Dutch Jews, Muslims unite over ritual slaughter

Senior Dutch rabbi tells 'The Jerusalem Post' that a ban would apply “double standards that target minorities.”

Ritual slaughter 311 (photo credit: Reuters)
Ritual slaughter 311
(photo credit: Reuters)
THE HAGUE – Hundreds of Jews and Muslims pleaded with Dutch senators in Amsterdam this week to reject legislation banning ritual slaughter.
The Dutch Senate is scheduled to vote on the issue next week.
One senior Dutch rabbi told The Jerusalem Post that a ban would apply “double standards that target minorities.”
The parliament voted in June to effectively ban Jewish and Muslim ritual slaughter. For this to become a law, however, the Senate must ratify the bill introduced by the Party for Animals. The bill forbids any slaughter that isn’t preceded by stunning, calling it inhumane.
Both Islamic and Jewish law requires that animals be conscious before slaughter.
“It’s very clear that [the] Senate is much more skeptical than parliament of this bill’s merits,” Raphael Evers, rabbi of the Federation of Jewish Communities in The Netherlands, said after attending a conference in Amsterdam on Sunday.
Some 600 people were at the gathering – mostly of Muslim or Jewish origins – including two Dutch senators who participated in a panel discussion.

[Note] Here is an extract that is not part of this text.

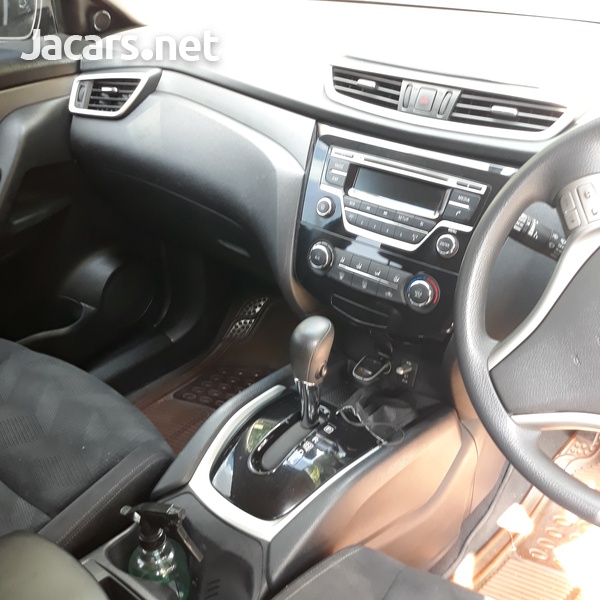 Nissan X-Trail 2,0L 2016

In parliament, the anti-Muslim Party for Freedom, led by Geert Wilders, and the ruling VVD party supported the bill.
However, VVD senators said they would vote against the proposed legislation, making its passing dependent on the Labor Party’s vote. Labor has not announced its position ahead of a Senate discussion scheduled for December 13.

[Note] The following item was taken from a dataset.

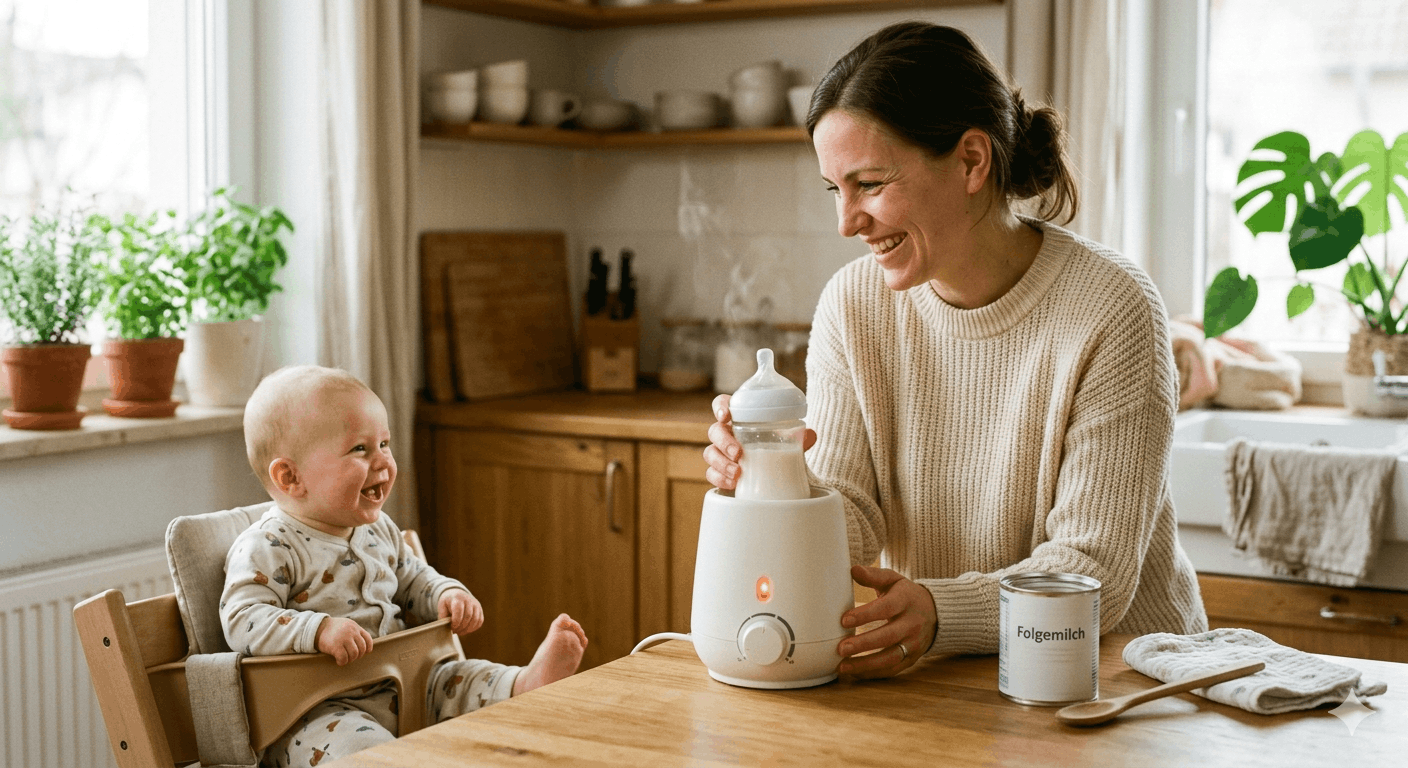 Bester Flaschenwärmer Baby – Test- und Erfahrungsberichte 2026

“The argument for infringing on our freedom of worship is moral, yet this moral is only applied to Jews and Muslims,” Lucien Nix, a lawyer from Amsterdam and member of Labor said at the meeting on Sunday.
He was commenting on figures presented to the parliament in June, which show that out of 500 million animals slaughtered non-ritually each year in Holland, five million suffer “abuse.” This figure is five times higher than the annual total of animals that undergo ritual slaughter.
Turning to the two senators present, Nix asked: “If animal welfare is so important, why do our legislators tolerate this ‘abuse’? The bill is judicially untenable.”
Martine Schlingmann, spokeswoman for the Party for Animals, declined to comment on this.
Gerrit Terpstra, a senator for the Christian-Democratic Appeal who attended the conference, said his party – a coalition partner – would oppose the bill. The other senator in attendance, Labor’s Nico Schrijver, told the Post his party would need to “thoroughly consider the issue” before taking a stand.
“We are sensitive to civil and minority rights, but slaughter must conform to 21st-century standards,” he added.
Ritual slaughter is currently banned in Sweden, Norway, Finland, Latvia, Estonia and Lithuania. Switzerland permits it for poultry.
Prof. Afshin Ellian, an Iranian- born professor of law from Leiden University, called the bill “nonsensical and non-liberal” but judicially tenable.
“There are European precedents and grounds to restrict freedom of worship in favor of animal welfare,” he said.
“But is [stunning with a] bolt through the brain better than a slit throat?” Focusing on the cup half full at the conference in Amsterdam, Sami Kaspi – a Morocco-born Jew – thanked the Party for Animals for “uniting Dutch Jews and Muslims in solidarity for a shared cause.”